EXERCISE INSTRUCTIONS: Pictures are to be dropped. Everything else in the listing gets copied exactly.
── RAW DATA
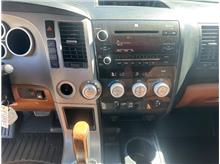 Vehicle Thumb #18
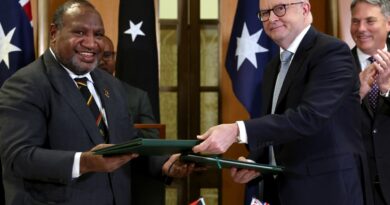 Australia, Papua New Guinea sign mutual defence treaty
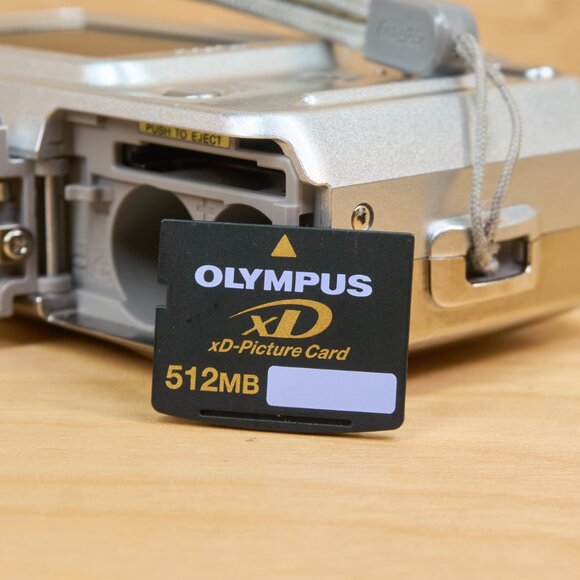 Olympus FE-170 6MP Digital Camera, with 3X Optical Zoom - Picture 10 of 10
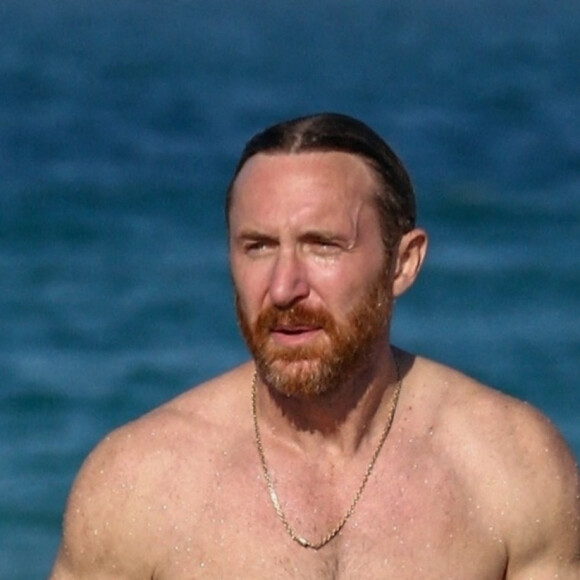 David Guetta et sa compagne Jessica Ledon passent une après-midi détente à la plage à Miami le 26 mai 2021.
────
FINAL ANSWER:
 Vehicle Thumb #18
 Australia, Papua New Guinea sign mutual defence treaty
 Olympus FE-170 6MP Digital Camera, with 3X Optical Zoom - Picture 10 of 10
 David Guetta et sa compagne Jessica Ledon passent une après-midi détente à la plage à Miami le 26 mai 2021.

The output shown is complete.